Erhalten sind nur «De re rustica» (hg. neuerdings von H. Keil zusammen mit Catos Buch, Bd. 1, Lpz. 1884, und Bd. 2, Heft 2, 1891), sowie sechs Bücher, aber unvollständig, von den 25 des Werks «De lingua latina» (hg. von Spengel, Berl. 1826 u. 1885, und von O. Müller, Lpz. 1833). Eine Sammlung und Bearbeitung der zahlreichen Fragmente der übrigen Werke fehlt zur Zeit noch. Die der «Saturae Menippeae» besorgten Öhler (Quedlinb. 1844), Riese (Lpz. 1865), Bücheler in der Ausgabe des Petronius (3. Aufl., Berl. 1882); die der «Logistorici» Riese (in der Ausgabe der «Saturae», Lpz. 1865) und mit denen der «Heptomades» Chappuis (Par. 1868). Von dem gelehrten systematischen Hauptwerk V.s über die röm. Altertumskunde sind die Fragmente der ersten Hälfte im 5. Bände der «Leipziger Studien» (1882), die der andern, welche das Sakralwesen enthielt, von Merkel in seiner Ausgabe von Ovids Fasten (Berl. 1841) gesammelt; die der Schrift «De vita populi romani» hat Kettner (Halle 1863), die der vier Bücher «De gente populi romani» derselbe in den «Varronischen Studien» (ebd. 1865), die der grammatischen Schriften Wilmanns bearbeitet (Berl. 1864). Von ältern Gesamtausgaben ist zu nennen die von Stephanus mit Scaligers Anmerkungen (Par. 1581‒91). – Vgl. K. L.Roth, Das Leben des V. (Bas. 1857); Ritschl, Die Schriftstellerei des M. T. V. (im 3. Band der «Opuscula», Lpz. 1877) nebst den andern Arbeiten desselben über V.; Boissier, Étude sur la vie et les ouvrages de Varron (Par. 1861).

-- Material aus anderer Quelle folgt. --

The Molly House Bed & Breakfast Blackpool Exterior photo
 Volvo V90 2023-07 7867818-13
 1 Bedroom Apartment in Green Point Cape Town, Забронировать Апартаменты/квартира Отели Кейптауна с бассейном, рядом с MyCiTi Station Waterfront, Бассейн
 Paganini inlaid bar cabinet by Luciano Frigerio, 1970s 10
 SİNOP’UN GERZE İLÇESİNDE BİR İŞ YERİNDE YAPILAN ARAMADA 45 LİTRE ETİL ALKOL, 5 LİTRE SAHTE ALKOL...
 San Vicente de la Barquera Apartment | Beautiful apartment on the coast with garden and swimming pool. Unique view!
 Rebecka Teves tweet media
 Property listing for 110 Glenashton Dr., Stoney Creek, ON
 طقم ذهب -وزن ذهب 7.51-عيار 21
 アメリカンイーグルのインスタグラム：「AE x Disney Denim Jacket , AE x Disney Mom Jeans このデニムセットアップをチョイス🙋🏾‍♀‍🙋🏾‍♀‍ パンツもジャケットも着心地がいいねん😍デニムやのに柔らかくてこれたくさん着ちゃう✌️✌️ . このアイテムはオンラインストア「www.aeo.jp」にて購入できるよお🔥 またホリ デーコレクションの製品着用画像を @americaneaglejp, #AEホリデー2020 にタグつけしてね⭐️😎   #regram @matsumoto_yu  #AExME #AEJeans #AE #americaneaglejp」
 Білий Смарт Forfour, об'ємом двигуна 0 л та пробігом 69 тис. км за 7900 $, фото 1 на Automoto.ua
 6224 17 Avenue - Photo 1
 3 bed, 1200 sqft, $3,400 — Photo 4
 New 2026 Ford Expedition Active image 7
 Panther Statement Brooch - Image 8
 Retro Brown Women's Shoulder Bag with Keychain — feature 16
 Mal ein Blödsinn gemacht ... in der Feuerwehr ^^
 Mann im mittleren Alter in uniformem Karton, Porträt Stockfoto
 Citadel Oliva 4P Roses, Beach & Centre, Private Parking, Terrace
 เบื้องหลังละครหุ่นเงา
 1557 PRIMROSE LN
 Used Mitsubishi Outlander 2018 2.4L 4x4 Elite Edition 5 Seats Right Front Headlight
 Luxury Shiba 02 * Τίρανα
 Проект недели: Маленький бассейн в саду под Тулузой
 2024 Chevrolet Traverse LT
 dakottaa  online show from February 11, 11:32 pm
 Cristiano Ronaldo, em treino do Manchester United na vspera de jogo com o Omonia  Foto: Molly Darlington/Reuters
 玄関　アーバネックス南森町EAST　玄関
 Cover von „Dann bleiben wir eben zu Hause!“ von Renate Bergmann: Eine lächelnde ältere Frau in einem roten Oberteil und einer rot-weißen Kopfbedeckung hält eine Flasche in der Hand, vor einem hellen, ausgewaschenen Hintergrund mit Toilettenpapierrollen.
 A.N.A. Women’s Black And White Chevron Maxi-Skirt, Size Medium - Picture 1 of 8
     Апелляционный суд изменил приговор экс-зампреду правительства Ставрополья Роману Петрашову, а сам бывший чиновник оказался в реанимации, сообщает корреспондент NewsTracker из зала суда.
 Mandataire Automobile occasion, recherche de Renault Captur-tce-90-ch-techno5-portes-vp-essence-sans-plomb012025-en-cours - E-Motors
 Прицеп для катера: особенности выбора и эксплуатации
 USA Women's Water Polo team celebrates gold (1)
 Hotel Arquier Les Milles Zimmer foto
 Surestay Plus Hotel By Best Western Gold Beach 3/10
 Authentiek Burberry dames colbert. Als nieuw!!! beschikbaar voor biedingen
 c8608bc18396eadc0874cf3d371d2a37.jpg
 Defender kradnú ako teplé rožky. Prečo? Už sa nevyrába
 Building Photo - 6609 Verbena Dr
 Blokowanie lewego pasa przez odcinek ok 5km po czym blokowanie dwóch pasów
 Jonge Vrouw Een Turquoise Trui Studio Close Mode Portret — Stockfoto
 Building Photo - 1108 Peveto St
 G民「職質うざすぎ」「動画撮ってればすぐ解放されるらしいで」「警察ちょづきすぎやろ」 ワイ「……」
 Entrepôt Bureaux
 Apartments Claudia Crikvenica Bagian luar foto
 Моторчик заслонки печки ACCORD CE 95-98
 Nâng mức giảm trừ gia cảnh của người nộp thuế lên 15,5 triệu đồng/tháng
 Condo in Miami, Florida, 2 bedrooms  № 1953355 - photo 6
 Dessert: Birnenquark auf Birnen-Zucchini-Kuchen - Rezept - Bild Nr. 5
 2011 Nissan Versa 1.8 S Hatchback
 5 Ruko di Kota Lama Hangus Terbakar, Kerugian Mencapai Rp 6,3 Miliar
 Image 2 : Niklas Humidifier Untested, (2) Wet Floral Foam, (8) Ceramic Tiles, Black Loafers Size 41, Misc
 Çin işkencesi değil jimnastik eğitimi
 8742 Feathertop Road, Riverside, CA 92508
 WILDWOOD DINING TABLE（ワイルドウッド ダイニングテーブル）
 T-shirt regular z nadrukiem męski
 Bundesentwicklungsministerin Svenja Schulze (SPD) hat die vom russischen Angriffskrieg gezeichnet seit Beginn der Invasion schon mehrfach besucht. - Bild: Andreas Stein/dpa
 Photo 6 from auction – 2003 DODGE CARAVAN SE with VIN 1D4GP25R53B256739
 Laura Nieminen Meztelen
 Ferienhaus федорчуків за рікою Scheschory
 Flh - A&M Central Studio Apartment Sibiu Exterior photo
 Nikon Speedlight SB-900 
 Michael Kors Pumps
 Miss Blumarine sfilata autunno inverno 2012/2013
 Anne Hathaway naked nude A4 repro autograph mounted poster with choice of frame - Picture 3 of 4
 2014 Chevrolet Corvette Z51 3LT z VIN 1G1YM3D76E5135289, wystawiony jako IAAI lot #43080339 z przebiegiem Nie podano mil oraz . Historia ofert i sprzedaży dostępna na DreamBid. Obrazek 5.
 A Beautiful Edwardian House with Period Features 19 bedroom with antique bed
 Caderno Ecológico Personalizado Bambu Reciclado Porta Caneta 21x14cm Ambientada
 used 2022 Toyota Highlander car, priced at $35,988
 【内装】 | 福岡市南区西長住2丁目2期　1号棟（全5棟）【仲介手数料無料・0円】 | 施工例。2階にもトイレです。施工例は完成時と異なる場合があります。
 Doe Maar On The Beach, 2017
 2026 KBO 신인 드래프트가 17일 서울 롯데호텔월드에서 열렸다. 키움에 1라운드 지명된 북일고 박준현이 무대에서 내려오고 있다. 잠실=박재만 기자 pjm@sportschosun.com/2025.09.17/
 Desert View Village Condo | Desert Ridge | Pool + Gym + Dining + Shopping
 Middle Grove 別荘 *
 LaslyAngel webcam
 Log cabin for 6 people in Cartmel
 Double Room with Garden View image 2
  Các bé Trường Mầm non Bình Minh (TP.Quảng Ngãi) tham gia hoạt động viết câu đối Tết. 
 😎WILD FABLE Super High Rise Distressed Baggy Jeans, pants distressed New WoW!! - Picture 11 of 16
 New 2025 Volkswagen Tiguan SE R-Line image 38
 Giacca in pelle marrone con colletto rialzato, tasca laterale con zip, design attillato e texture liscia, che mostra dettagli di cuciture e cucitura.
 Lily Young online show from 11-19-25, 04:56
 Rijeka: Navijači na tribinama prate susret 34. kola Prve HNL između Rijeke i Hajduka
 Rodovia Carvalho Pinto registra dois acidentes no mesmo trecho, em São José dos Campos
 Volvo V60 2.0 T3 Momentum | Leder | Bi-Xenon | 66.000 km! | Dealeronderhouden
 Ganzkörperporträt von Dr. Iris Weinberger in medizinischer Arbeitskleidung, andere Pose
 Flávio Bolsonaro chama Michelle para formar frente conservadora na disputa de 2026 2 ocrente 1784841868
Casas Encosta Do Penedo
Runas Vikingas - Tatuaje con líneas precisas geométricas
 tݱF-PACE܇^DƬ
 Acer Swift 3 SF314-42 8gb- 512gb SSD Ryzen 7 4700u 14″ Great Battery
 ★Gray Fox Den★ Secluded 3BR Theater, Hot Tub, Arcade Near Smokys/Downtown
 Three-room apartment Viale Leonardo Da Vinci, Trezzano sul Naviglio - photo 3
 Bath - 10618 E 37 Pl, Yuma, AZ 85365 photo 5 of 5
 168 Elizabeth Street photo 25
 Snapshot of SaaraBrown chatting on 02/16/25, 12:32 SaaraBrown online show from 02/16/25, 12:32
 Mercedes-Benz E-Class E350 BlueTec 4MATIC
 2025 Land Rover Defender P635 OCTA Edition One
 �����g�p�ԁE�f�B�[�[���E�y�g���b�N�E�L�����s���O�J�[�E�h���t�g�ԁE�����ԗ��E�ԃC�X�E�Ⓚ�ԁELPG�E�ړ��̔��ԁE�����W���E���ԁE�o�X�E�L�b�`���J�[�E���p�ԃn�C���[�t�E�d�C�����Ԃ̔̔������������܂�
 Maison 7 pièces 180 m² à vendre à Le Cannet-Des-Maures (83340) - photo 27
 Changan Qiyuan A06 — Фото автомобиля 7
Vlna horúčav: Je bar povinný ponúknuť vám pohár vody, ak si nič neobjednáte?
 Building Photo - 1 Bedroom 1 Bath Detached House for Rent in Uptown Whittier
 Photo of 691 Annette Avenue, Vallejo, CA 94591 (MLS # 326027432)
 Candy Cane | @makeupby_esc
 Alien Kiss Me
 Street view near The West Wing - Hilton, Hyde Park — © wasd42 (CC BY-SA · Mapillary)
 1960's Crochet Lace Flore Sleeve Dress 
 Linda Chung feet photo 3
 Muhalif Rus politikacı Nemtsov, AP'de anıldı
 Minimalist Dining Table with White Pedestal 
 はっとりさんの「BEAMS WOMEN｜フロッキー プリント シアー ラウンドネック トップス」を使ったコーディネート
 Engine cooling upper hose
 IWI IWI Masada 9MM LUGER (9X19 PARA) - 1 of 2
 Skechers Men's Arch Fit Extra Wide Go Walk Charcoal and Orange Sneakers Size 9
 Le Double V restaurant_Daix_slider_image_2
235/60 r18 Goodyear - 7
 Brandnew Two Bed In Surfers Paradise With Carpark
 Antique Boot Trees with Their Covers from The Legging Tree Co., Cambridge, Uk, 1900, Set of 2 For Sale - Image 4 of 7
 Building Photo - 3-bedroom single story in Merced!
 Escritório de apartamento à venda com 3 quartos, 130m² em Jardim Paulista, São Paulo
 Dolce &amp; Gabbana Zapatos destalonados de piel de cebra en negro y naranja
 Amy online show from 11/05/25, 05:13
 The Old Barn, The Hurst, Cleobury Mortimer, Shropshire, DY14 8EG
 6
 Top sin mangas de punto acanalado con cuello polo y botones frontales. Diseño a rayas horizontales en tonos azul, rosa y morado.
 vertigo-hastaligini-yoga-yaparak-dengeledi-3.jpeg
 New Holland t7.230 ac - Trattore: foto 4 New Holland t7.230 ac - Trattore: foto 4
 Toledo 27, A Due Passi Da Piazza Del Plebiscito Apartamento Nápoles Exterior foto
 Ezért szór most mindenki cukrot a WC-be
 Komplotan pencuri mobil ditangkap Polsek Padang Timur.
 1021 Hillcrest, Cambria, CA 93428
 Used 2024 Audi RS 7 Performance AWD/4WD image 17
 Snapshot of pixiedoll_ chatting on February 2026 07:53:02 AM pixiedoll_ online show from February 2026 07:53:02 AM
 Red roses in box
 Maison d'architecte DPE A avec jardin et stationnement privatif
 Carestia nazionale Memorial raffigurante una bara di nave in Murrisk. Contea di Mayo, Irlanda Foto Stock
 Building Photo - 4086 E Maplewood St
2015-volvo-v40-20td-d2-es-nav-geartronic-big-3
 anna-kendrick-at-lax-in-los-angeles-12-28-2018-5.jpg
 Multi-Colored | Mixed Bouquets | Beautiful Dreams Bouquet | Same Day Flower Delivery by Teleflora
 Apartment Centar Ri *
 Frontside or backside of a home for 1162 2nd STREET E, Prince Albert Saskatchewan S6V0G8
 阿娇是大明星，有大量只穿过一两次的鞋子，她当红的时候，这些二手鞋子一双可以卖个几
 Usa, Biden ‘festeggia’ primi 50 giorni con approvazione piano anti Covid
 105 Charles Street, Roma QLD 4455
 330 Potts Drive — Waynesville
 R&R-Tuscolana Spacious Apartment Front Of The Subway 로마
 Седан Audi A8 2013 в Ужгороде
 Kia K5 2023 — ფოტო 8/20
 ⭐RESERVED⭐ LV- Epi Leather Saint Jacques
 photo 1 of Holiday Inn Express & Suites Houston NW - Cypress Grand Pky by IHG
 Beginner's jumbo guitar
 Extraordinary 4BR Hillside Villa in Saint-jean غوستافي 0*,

Varro, Publius Terentius V. Atacinus, röm. Dichter, geb. 82 v. Chr. zu Atax in der Narbonensischen Provinz (in Gallien), unfern der Hauptstadt Narbo Martius (Narbonne), gest. 37 v. Chr. Bedeutendere Werke von ihm waren die nach dem griech. Original des Apollonius (s. d.) von Rhodus gedichteten «Argonautica», ein originales Epos «De bello Sequanico», über den Krieg Cäsars gegen die Sequaner, außerdem eine Chorographie und eine Witterungskunde nach alexandrinischen Vorbildern. Die Bruchstücke sind zusammengestellt von Bährens («Fragmenta poetarum romanorum», Lpz. 1886).

Varrōnische Zeitrechnung, s. Ära.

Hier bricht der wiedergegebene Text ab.